### Imputation Methods and Resources

One of the most common methods for working with missing values is by imputing the missing values.  Imputation means that you input a value for values that were originally missing. 

It is very common to impute in the following ways:
1. Impute the **mean** of a column.<br><br>

2. If you are working with categorical data or a variable with outliers, then use the **mode** of the column.<br><br>

3. Impute 0, a very small number, or a very large number to differentiate missing values from other values.<br><br>

4. Use knn to impute values based on features that are most similar.<br><br>

In general, you should try to be more careful with missing data in understanding the real world implications and reasons for why the missing values exist.  At the same time, these solutions are very quick, and they enable you to get models off the ground.  You can then iterate on your feature engineering to be more careful as time permits.

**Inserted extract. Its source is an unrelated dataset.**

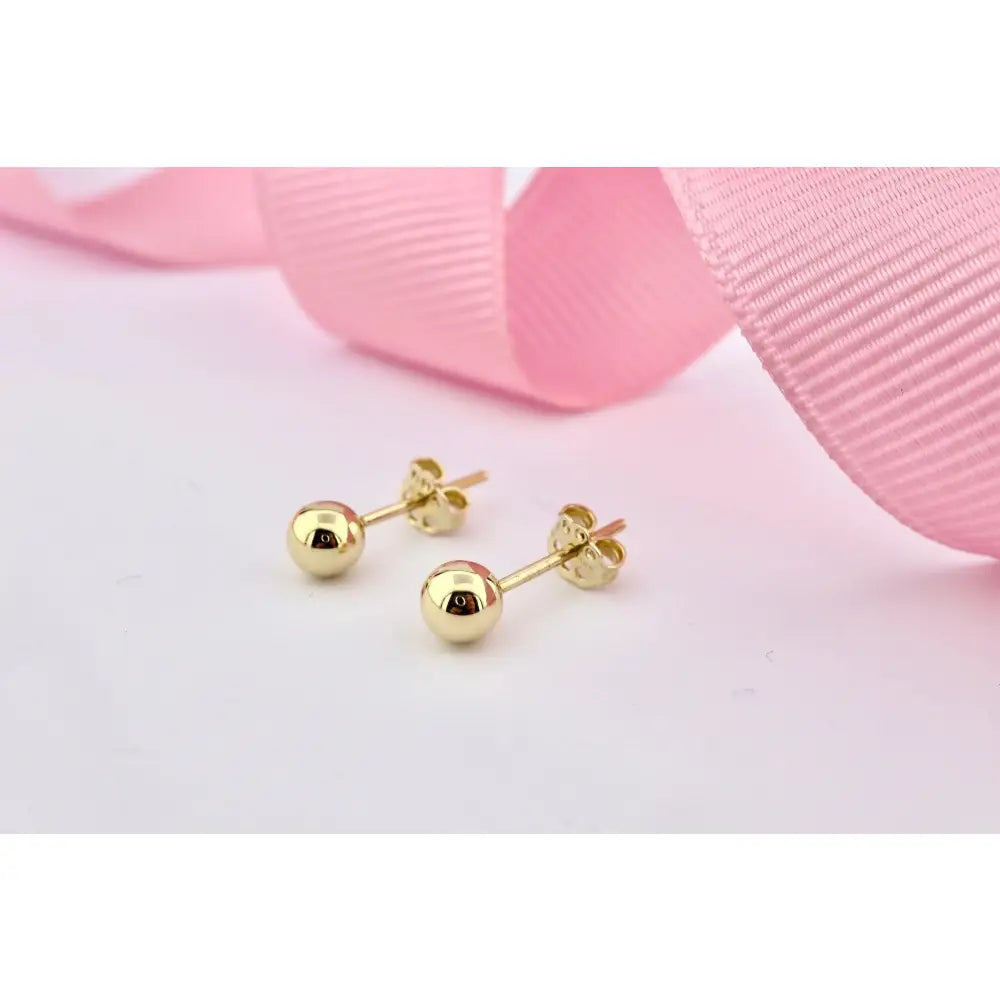Elegant 14K Solid Gold Ball Stud Earrings - Timeless Minimalist Design for Everyday Wear.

Let's take a look at how some of them work. Chris' content is again very helpful for many of these items - and you can access it [here](https://chrisalbon.com/).  He uses the [sklearn.preprocessing library](http://scikit-learn.org/stable/modules/preprocessing.html).  There are also a ton of ways to fill in missing values directly using pandas, which can be found [here](https://pandas.pydata.org/pandas-docs/stable/generated/pandas.DataFrame.fillna.html)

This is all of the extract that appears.